- _Exercise description_: Lower down are entries containing pictures. Copy exactly, without those pictures, the lines from the line with "Cartoon Hair Bands for Kids" through the line with "2020 Mazda CX-8 Asaki KG Series".

- _Excerpted data_:
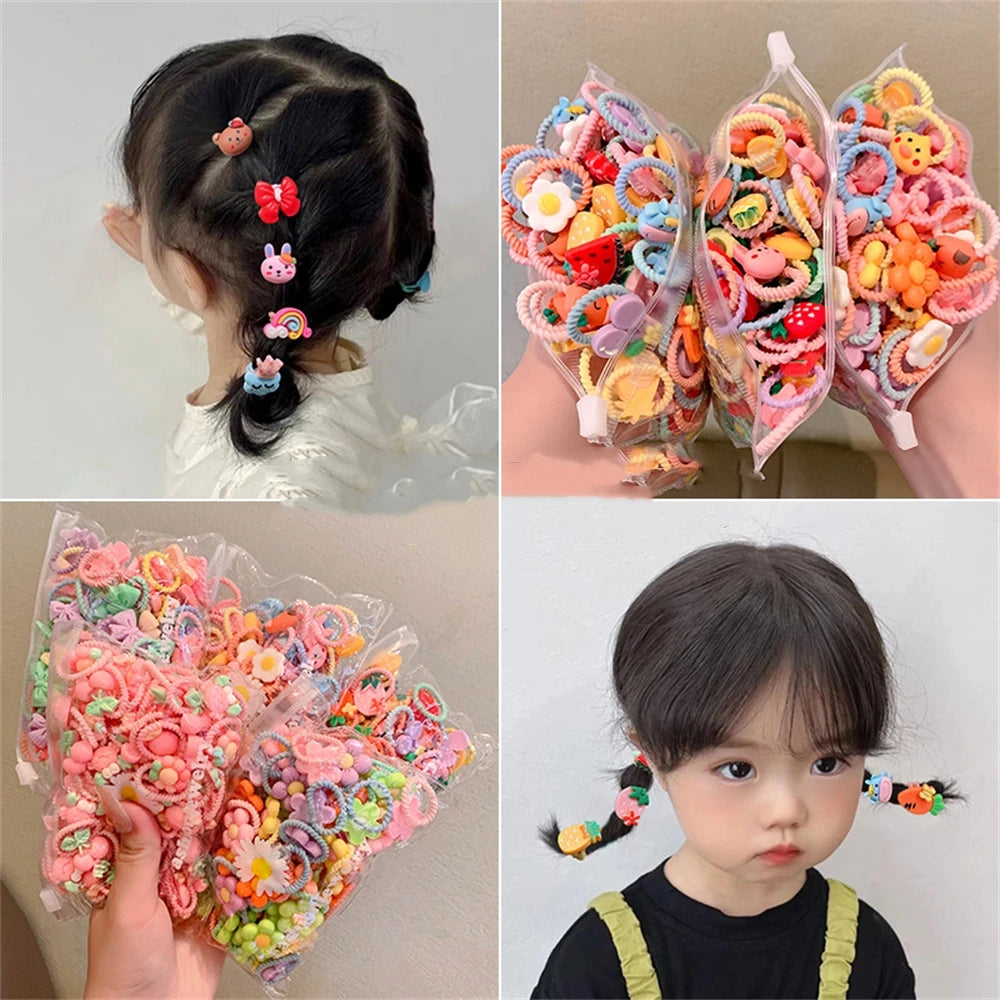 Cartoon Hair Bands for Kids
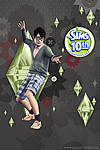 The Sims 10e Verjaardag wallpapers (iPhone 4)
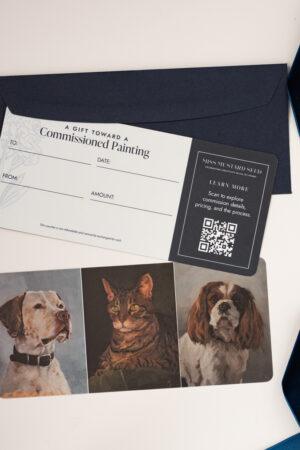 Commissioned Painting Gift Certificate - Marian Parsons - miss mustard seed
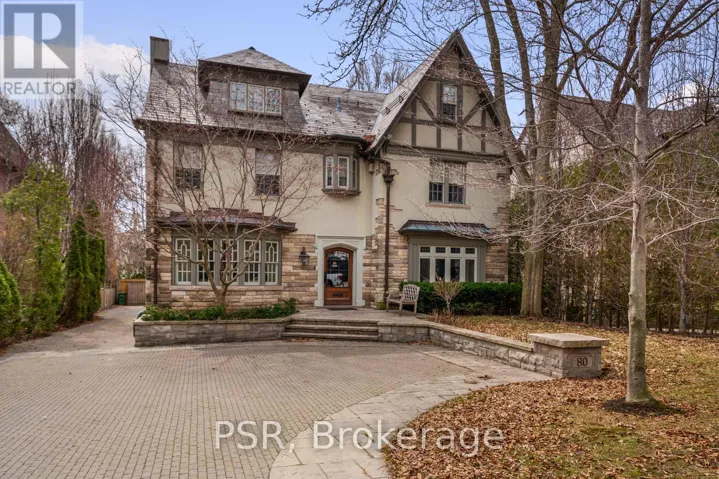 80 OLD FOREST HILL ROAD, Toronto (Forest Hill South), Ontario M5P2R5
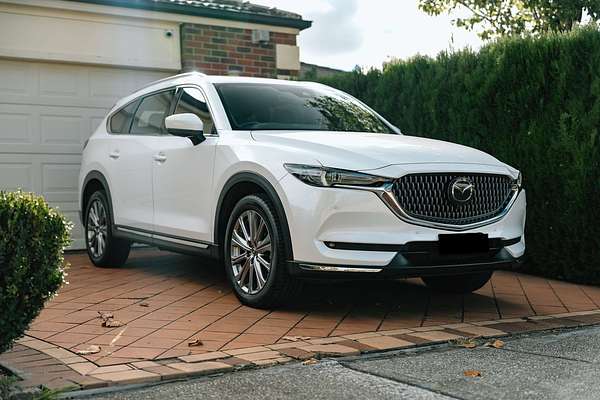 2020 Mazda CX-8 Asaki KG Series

==

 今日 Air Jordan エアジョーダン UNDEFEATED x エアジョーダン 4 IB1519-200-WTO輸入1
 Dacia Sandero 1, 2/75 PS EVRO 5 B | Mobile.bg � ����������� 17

- _Answer section_:
 Cartoon Hair Bands for Kids
 The Sims 10e Verjaardag wallpapers (iPhone 4)
 Commissioned Painting Gift Certificate - Marian Parsons - miss mustard seed
 80 OLD FOREST HILL ROAD, Toronto (Forest Hill South), Ontario M5P2R5
 2020 Mazda CX-8 Asaki KG Series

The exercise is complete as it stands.